In the days preceding last year’s SA executive board elections, SA treasurer candidate and then-SA Senate Chair Mazin Kased offered Francisco Baiocchi, a SUNY SA candidate running in the Reform Our Campus Party (ROC), a job in the next administration if Baiocchi dropped from the race, denounced ROC, and threw his support behind Kased’s party, Elevation ’05.

Kased said he would bring Baiocchi “into the family,” and offered him his choice of high-level SA positions, specifically mentioning paid appointments like Student Affairs director and elected positions like a seat on the SA Senate.

I know all this because, well, Kased told me. Baiocchi taped the conversation and, when questioned, Kased acknowledged that he had made the offers, insisting only that the tape was being taken out of context.
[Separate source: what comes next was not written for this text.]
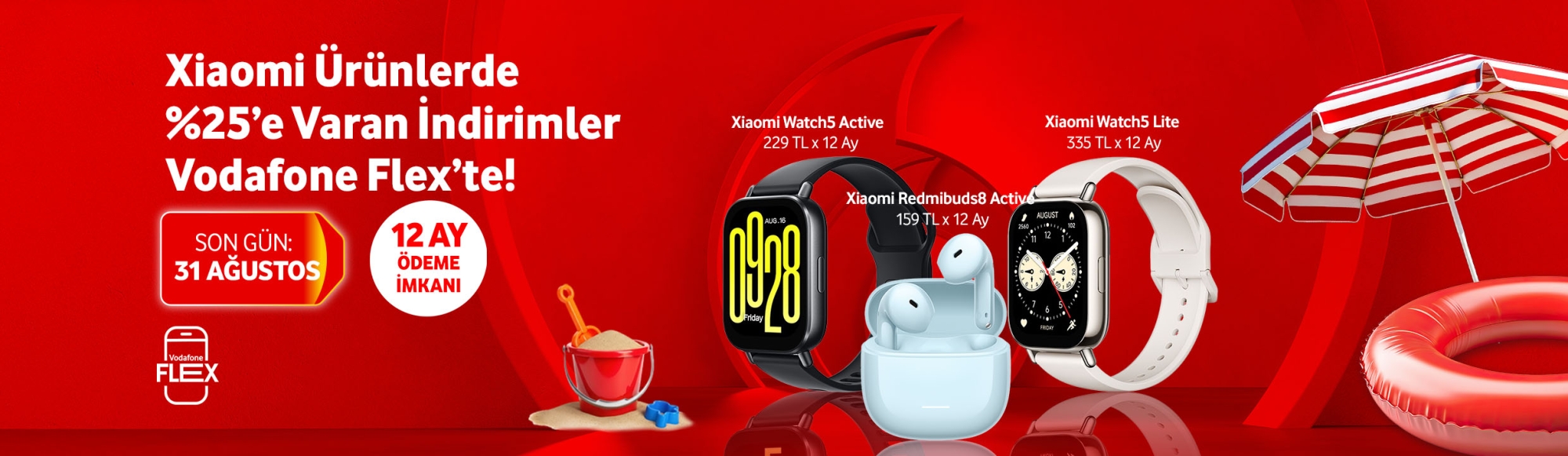 Xiaomi ürünlerde %25'e varan indirimler - giyilebilirtab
Now, I harbor no illusions about the way American government works and has always worked. Elections are won and lost in the back rooms and windowless corridors of the world. So it was a bit of a surprise when Baiocchi decided to take action, record the deal, and lead a year-long charge in the name of ethics with the help of ROC running mate Matthew Pelkey.

It seemed, at first, like a triumph over the traditional view of Generation-I’ll-Get-To-It-Later, a clear example of a couple of young firebrands working within the system to fight what they believed was a moral injustice.
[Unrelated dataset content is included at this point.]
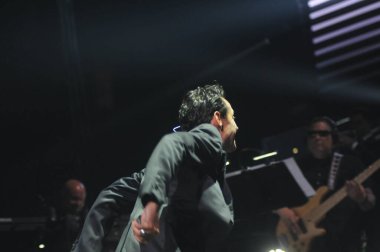 Latin şarkıcı Marc Anthony 5 Ekim 2014 'te Orlando Florida' daki Amway Center 'da konser verdi.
That is, until February 24, 2006, a day that should live in historic infamy for the sole reason that it was neither historic nor infamous. Baiocchi and Pelkey had clear evidence of, if not an impeachable offense on the part of Kased, then at least a glaring example of the possibility for corruption within the SA electoral system. But they blew their chance to strike a blow for reform because they couldn’t muster the organizational skills required to mail a letter.

(I called both Baiocchi and Pelkey at least twice last week for an explanation, but apparently they’ve either got midterms to study for or have moved on to greener political pastures.)

After a year’s worth of public bitching and seemingly tireless effort, the passionate reformers got to the final round and played their last hand with all the apathy and ham-handedness of a couple of stoners trying to register a car at the DMV. And all this with their thrice-weekly student newspaper, The Spectrum, practically setting their alarm clocks for them with cogent and regular updates on the developments of the case.

In the end, the scandal will most likely go down as a monument to the political wherewithal that has characterized the American youth culture for at least the past decade, if not more: all bark and no bite. In that respect, the outcome was, perhaps, perfectly human, and a stunningly representative sample of the undergraduate student body.